Folha - O senhor entra com prazo estipulado para sair?
Garotinho -
Não. Eu vou ficar enquanto for necessário. Se necessário, até o final do governo.

Folha - Quais são as suas divergências com o Planalto?
Garotinho -
As convergências são maiores do que as divergências, porque a maioria das propostas colocadas no Plano Nacional de Segurança eu já propunha antes. Parece que houve até uma certa inspiração no meu programa nacional. Foi o que disse para o ministro Márcio Thomaz Bastos: dizer que o Rio está contra o Sistema Único de Segurança é uma inverdade porque seria uma contradição com tudo o que nós pregamos o tempo inteiro. Muitas propostas do plano são as nossas.
O que devemos separar é colaboração, integração, de intervenção direta. Ou seja, quem tem de processar as ações do Estado é o Estado, que tem legitimidade. Nós vivemos num Estado democrático e ele deve ser respeitado.

Folha - O senhor continua candidato a presidente em 2006?
Garotinho -
Eu ainda não tenho uma definição sobre este assunto. Acabo de completar 43 anos. Então, eu tenho um grande aliado a meu favor, o tempo. Neste momento, eu só penso 24 horas por dia numa coisa, a Secretaria de Segurança Pública, que eu assumo na segunda-feira.

Folha - Qual será seu primeiro ato?
Garotinho -
Mandar um recado que tem várias direções: não vai haver diferença para ninguém. O recado é para todo mundo. Não me venham com privilégios.
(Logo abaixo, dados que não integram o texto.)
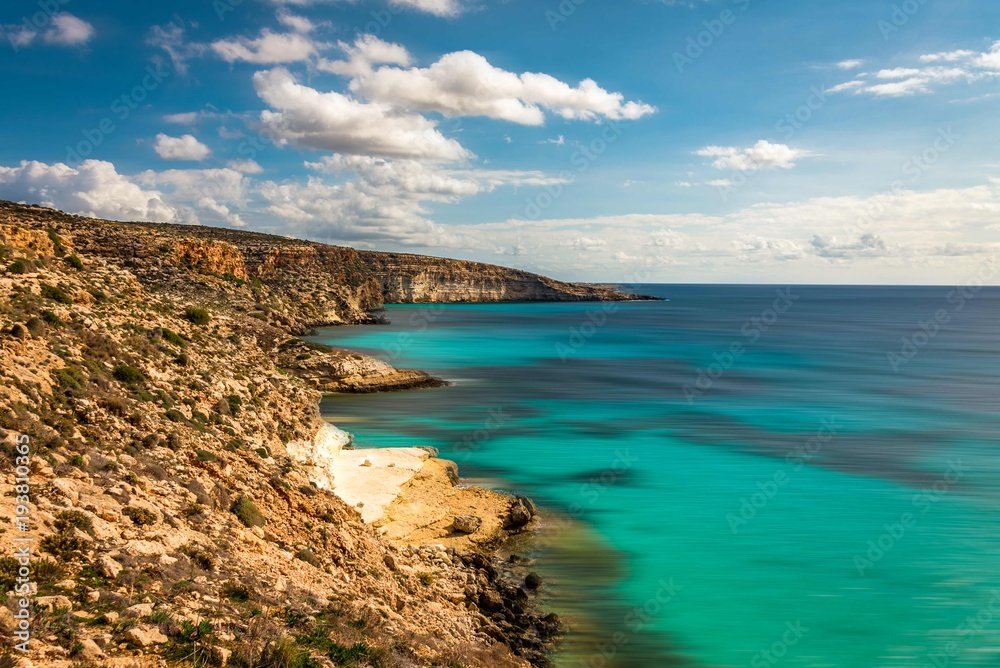 Lampedusa - a picturesque island, which is part of the Pelagie islands in Sicily,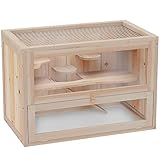 PawHut Hamsterkäfig aus Holz für Zwerghamster Nagerkäfig Kleintierkäfig mit...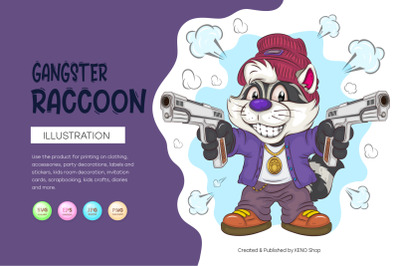 Cartoon Raccoon Gangster. T-Shirt, PNG, SVG.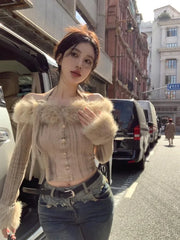 Pydshop Fluffy Patchwork Halter Slash Neck T-shirts Autumn Winter New Knitted Tops Women Y2k E-Girl Slim Fit Long Sleeve Tee Shirt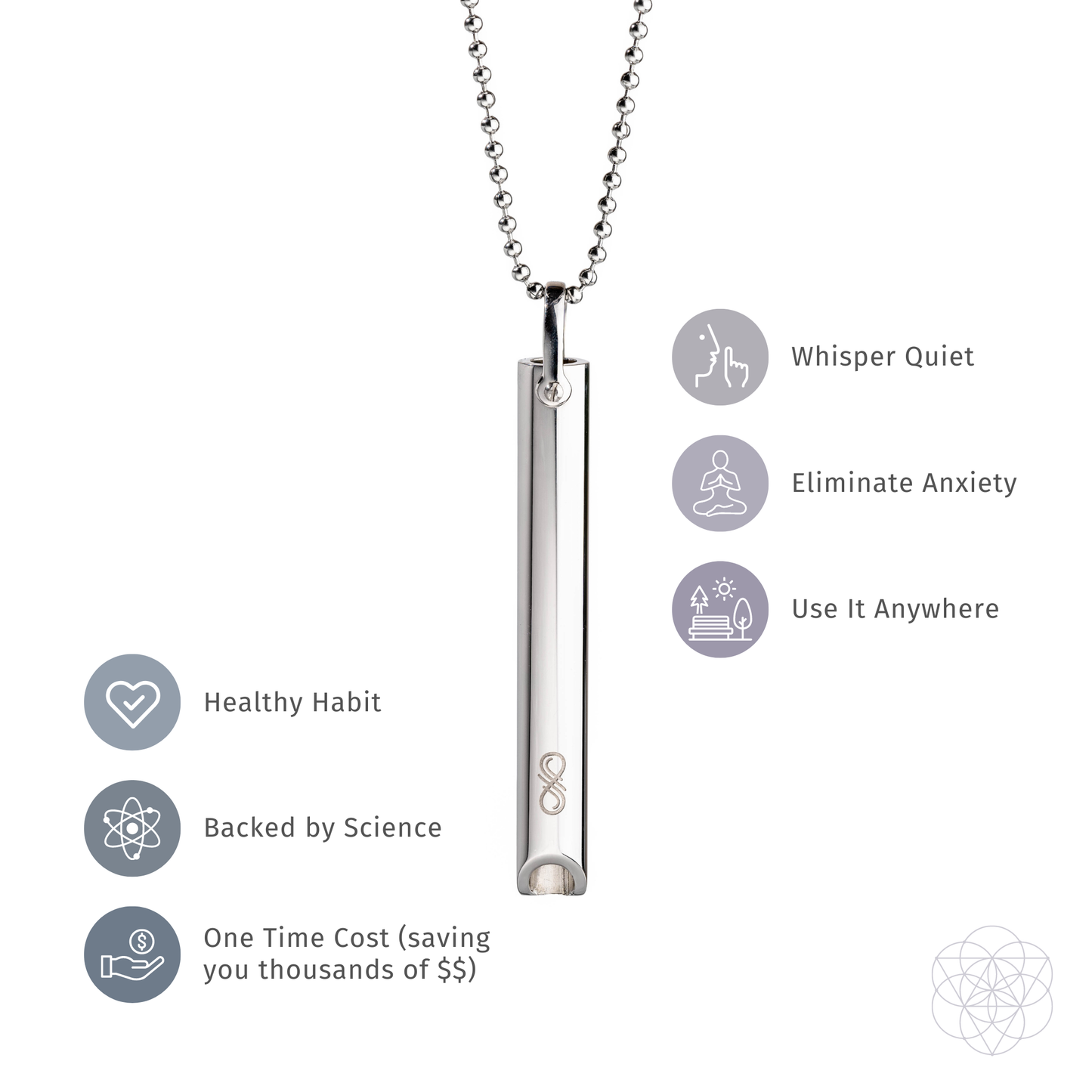 Mindfulness Breathing Necklace - Silver Cycle Breaker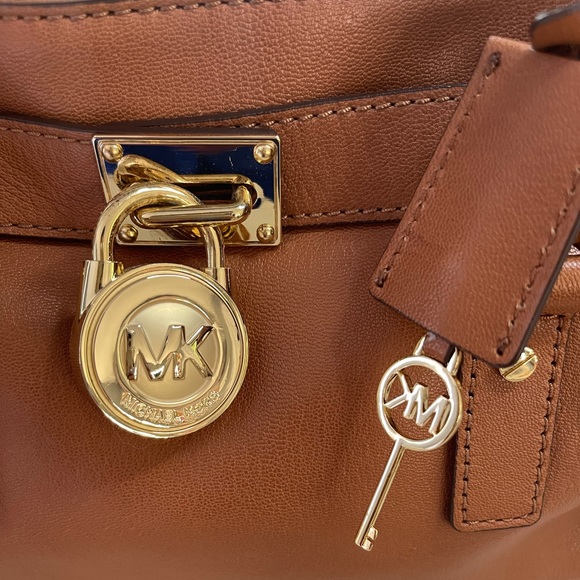 Michael Kors Bags Michael Kors Lock And Key Large Leather Satchel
Para os que acham que bandido tem de ser punido porque é bandido e que eu que uso farda posso agir errado. Não pode. O recado vai também para os que acham que a gente vai fazer uma polícia patrimonialista, uma polícia para os ricos. Não vamos fazer uma polícia nem para os ricos nem para os pobres. Faremos para a sociedade.